C.C. : Mes premières révélations mystiques : une baignade dans le Pacifique en Californie à l’âge de cinq ans. J’ai aperçu l’infinité dans une vague qui venait se briser sur la grève, en se désintégrant en sable pour retourner former une autre vague, encore et encore, apparition et disparition, de façon atemporelle. L’océan qui ne dort jamais… une réflexion sur la vie comme un motif circulaire infini.
Mes souvenirs de camper en plein air dans la forêt de Yosemite, de m’endormir en écoutant les torrents, la musique du vent dans les feuilles de ces arbres magnifiques, les grillons et leur mélodies paisibles la nuit.
Le miracle de contempler le Grand Canyon avec ses gorges profondes taillées par la nature et de laisser mon regard happé par le vide. Mes expériences dans l’Utah, où je suis allée à l’université qui se trouve dans l’immensité désertique. Ce vide dans lequel on ne devient plus qu’un point dans l’immensité d’espace sans fin.

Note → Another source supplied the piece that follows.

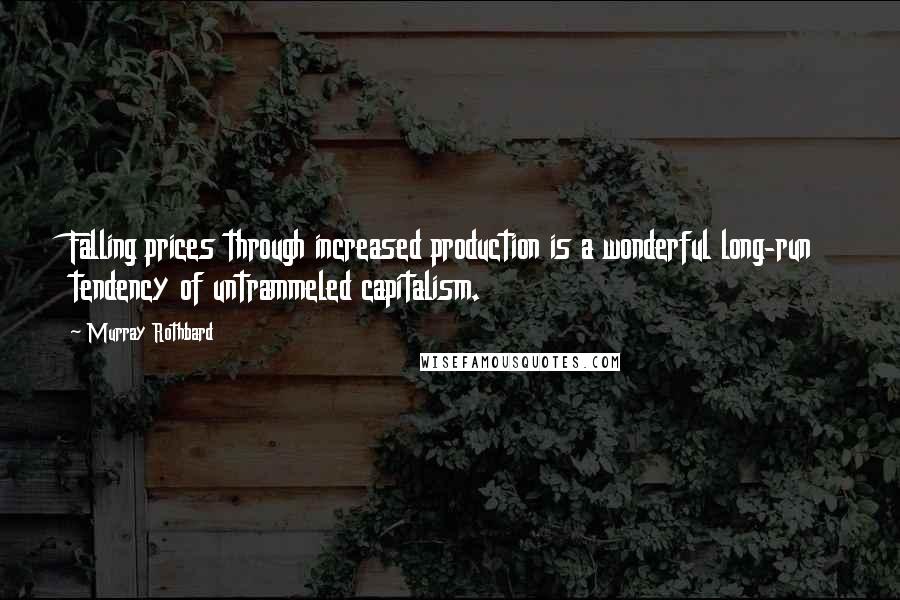 Murray Rothbard Quotes: Falling prices through increased production is a wonderful long-run tendency of untrammeled capitalism.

Des révélations d’humilité quand on est face au néant.
Les étés en Finlande avec le soleil de minuit, et lorsqu’il fait jour vingt-quatre heures, un étrange sentiment d’être hors du temps. La Finlande, avec ses 10 000 lacs entourés de bouleaux est d’une beauté difficile à expliquer.
D’aller au sauna à 50°C, et après avoir beaucoup transpiré, de courir toute nue dans l’eau rafraîchissante d’un lac. L’hiver… de dormir dehors à contempler la nuit étoilée avec le feu de ses millions de lumières. Le mystère de l’univers, une obscurité balayée par des lumières anciennes.
Ce sont des souvenirs sur lesquels sont bâties mes créations et qui se propagent tout au long de mes œuvres. Ces miracles où on bondit au-delà de soi-même.
L.R. : Pour contempler la nature transfigurée, le regard doit aller « avec » la pulsion de vie. Pourrais-tu nous parler des procédés, au cours de ton existence, qui ont permis à ta vision d’atteindre une réalité « occulte » ?
C.C. : Je plonge dans l’inconnu sans boussole pour inviter mes sens à révéler des miracles invisibles que la danse rend visibles. Alors que j’étais à New York dans les années 60, au sein de la Dance Theater Company d’Alwin Nikolais, j’ai découvert le bouddhisme… nous sommes la voie qui crée notre propre destinée, en épousant ce que notre cœur désire de façon à incorporer nos perspectives méditatives dans le cheminement de notre vie.
De la même façon que la danse est une forme artistique éphémère, chaque moment est une prise de conscience infinie de présence dans laquelle l’espace spirituel permet à notre esprit d’atteindre des niveaux de conscience supérieurs.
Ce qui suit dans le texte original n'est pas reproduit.